Emails have all but replaced letters in our society. They have also helped do away with little notes among immediate family members. Beware though, because the wondrous cyberspace doesn’t always make sure those emails arrive.
My daughter is thirteen and experiencing all kinds of firsts, many of which are due to adolescent hormones. The third child and only daughter of divorced parents living in two different states, she has found the world of emails beneficial when she wants to ask her daddy for something.
One evening I found an email in my own box from her. It was a simple “I love you, Mommy” letter reminiscent of drawings that used to decorate our refrigerator, long replaced by sports and cheerleading practice schedules.
Smiling and just a little teary-eyed, I quickly typed a sentimental reply and clicked send. This began a week of hormonal war and dead silence in our home.
The first day this happened (yes, I admit to being a blonde), this working mother didn’t pick up on the sullen attitude that arrived after my daughter got off the computer as being directed, well, at me. I assumed her father just hadn’t emailed her or perhaps said no to some request.
“Did your dad not write today, Sweetie?”
“Yes, my dad always answers my letters.”
I quickly assured her I wasn’t bad-mouthing her father and that was the end of the conversation.
A few days later, she won tickets to see her favorite country music singer Gretchen Wilson. It would be her first time at a live concert and I was dying to share the experience with her. Mom, however, was still ostracized although it was unclear why.
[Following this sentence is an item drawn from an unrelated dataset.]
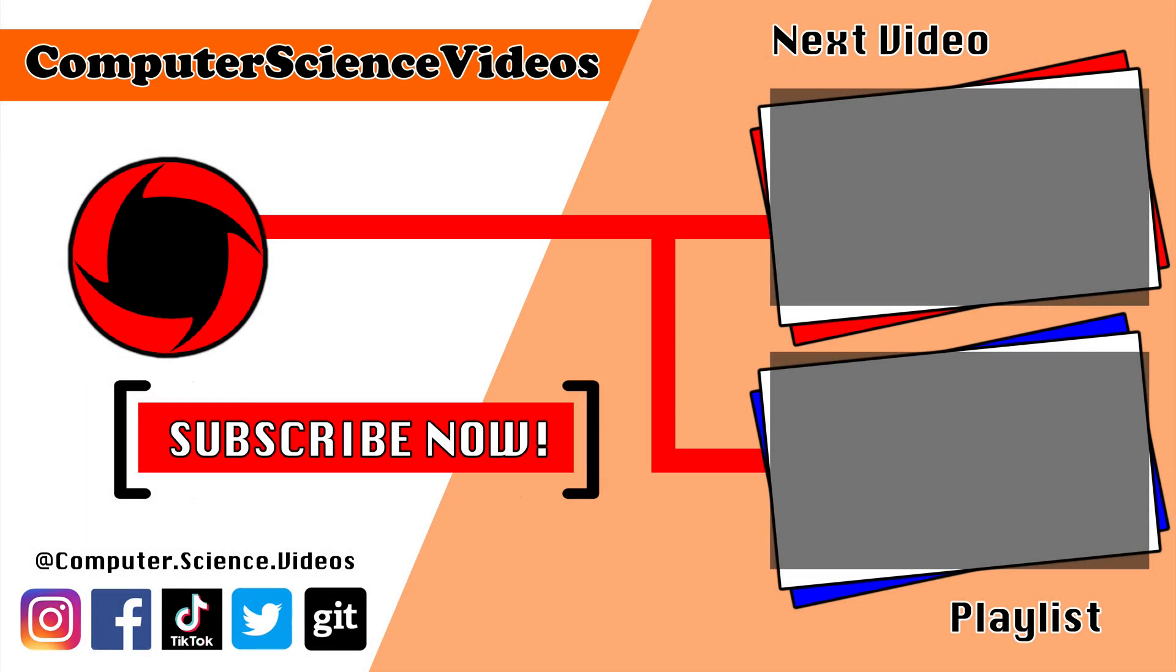Thank you for making it towards the end of the video. Be sure to subscribe to my channel, Computer Science Videos. Be sure to check out the previous video on screen now, or you can ideally click on the playlist and watch all the journey for Computer Science Videos from the start until now.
She got the tickets less than an hour before show time and was determined to take anyone but me, even if it meant tracking down the mailman. Such extreme measures weren’t needed however as she quickly found a friend to go with and I was left at home wishing with all my heart that she had “picked me”.
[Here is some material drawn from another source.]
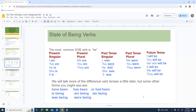These are all the state of being verbs. The most common is simply the verb 'to be,' and it can show up in the present, past, or future. It can also show up as singular or plural — you can see all the different verb forms there.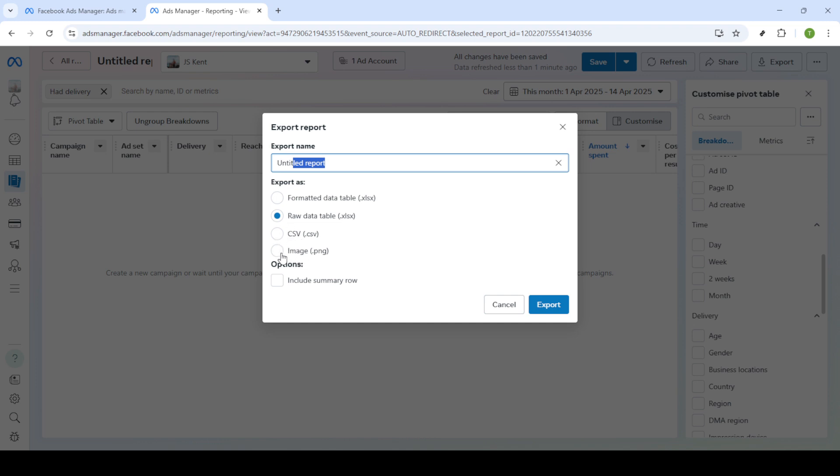XLSX is great for desktop Excel users, CSV is versatile for data manipulation, and PNG works well for quick and easy sharing. Choose the format that best suits your needs.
Four hours later she floated in aglow with the excitement and wonder of the concert. She chattered away as she got ready for bed. I was happy for her. I told her how much I loved her and how she reminded me of a younger version of herself at Christmastime.
“Only I’m too big for love letters from you, right, Mom?”
Confused, I asked her what she meant. With tears in her eyes she told me she had been mad at me for a week over an email she had sent me.
“You mean the one last week saying how much you love me, right?”
She nodded, her adolescent heart breaking as she described checking her email every day. There were plenty of emails from her father and the one announcing her as the recipient of the tickets but not one from her mother.
I took her hand and led her to the computer. Opening my email, I then sat her down in front of the monitor.
“Click on the Sent folder.”
She did and within moments found a copy of the response I had written dated the very evening of her initial email.
I don’t know why it never got to her inbox. I don’t know why she had to suffer needlessly for a week or why a misunderstanding stopped us from sharing a “first” for her but I will never forget the way her face lit up as she read my response:
“Sweetie, I love you, too. I don’t know what I ever did to deserve the greatest daughter in the world but I thank God every day for you. Love, Mom.”
Just to be safe, I make sure to tell her and her brothers how much they mean to me even more now. It’s hard enough being an adolescent teenage girl with fears of peer acceptance. She’s never going to have reason to doubt Mom’s love again.